By Robert S. Benchley
Peace Corps volunteer Caitlin Lowery ’10 has broadened the focus of her assignment—teaching English at a 300-student public school—to embrace what might be called “lessons in life,” with a focus on girls and young women.
Lowery has been stationed for the past two years in the remote village of Dimi, Georgia, situated at the eastern end of the Black Sea.
“I am passionate about women’s rights and helping women and girls live healthy lives and reach their full potential,” say Lowery. “One project I am most proud of is the women’s health fair I organized with help from other Peace Corps volunteers and in partnership with a local women’s health organization. Thirteen NGOs participated in the event and set up information booths about health issues and the services their organizations provide.”
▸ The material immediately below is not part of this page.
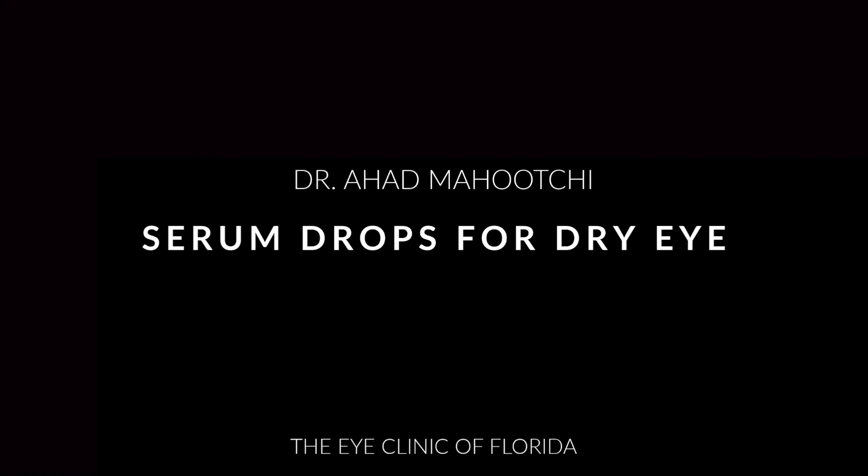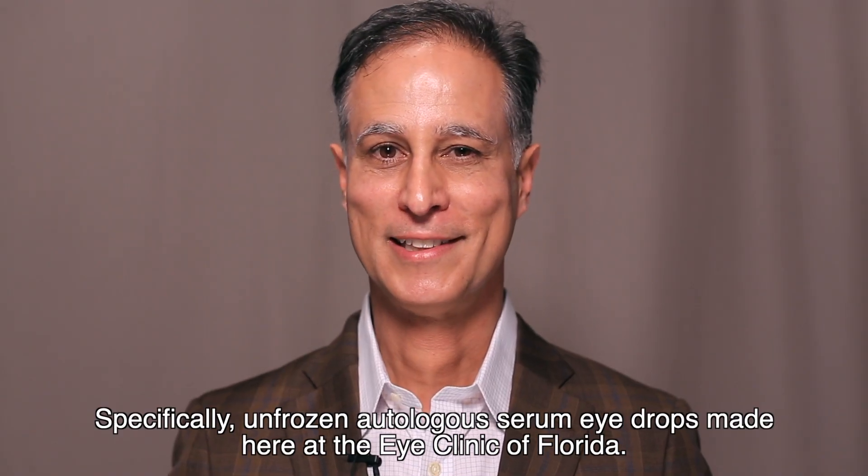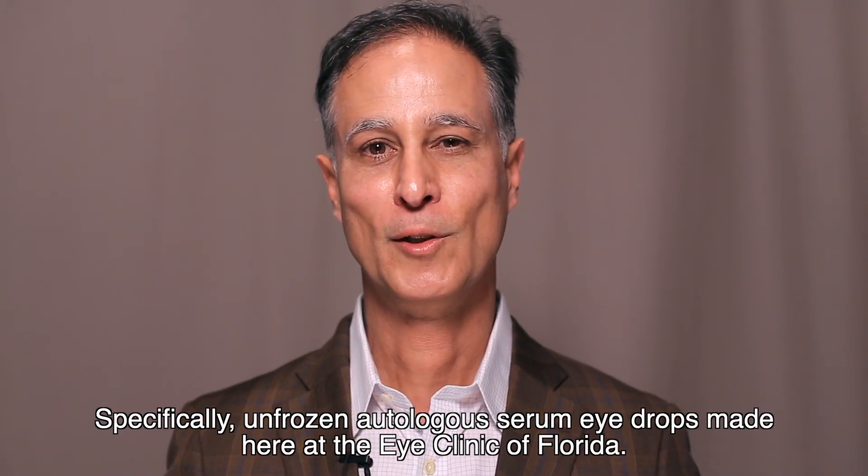Hi, I'm Dr. Mahuchi from the Eye Clinic of Florida. I want to talk to you today about serum eyedrops, specifically unfrozen autologous serum eyedrops made here at the Eye Clinic of Florida.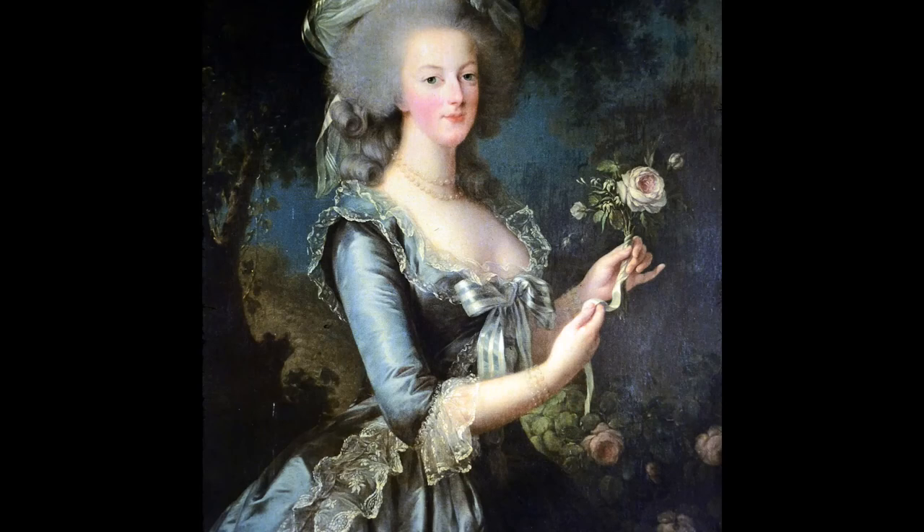The scandal was such that the portrait was hastily removed and replaced by the famous Marie Antoinette à la Rose. The Queen wears a blue-gray silk dress and rich pearl jewelry — attributes more in line with those of the Queen of France. Unfortunately, the damage was done.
Lowery says the women were grateful for the information and the health care product samples they received—both rare commodities in conservative Georgia. Lowery’s position as co-chair of Peace Corps Georgia’s gender equality and women’s empowerment committee has also enabled her to stage other events, such as Sisters, which brings rural girls to the capital city of Tbilisi, a nearly five-hour drive over often-rough roads, to meet successful female university students who serve as mentors.
Lowery says her time at Lafayette—especially her translation work for Jorge Torres, associate professor of music, her courses in Spanish translation with Juan Rojo, assistant professor of Spanish, and studies of international politics with Ilan Peleg, Dana Professor of Government and Law—gave her an excellent base for working abroad and a start toward her “dream job” in the Foreign Service.
An English and Spanish graduate, Lowery has managed to master the consonant clusters of the Georgian language. She also uses exercises learned as a member of the swimming and diving team to stay in shape and teaches them twice a week at the after-school fitness club she runs for teenage girls.
Even with these outside accomplishments, Lowery has excelled at her original directive, planning the Imereti regional level of Georgia’s first National English Spelling Competition and, working with her counterparts, implementing a project to bring running water to her school.
In July, when she completes her assignment, she plans to spend a month touring Southeast Asia and then go home to be with family, including brother Rob Lowery ’16 and friends. As for longer-term plans, Lowery says she hopes to “get more work experience, ideally at an international NGO focused on women’s issues, before going to grad school.”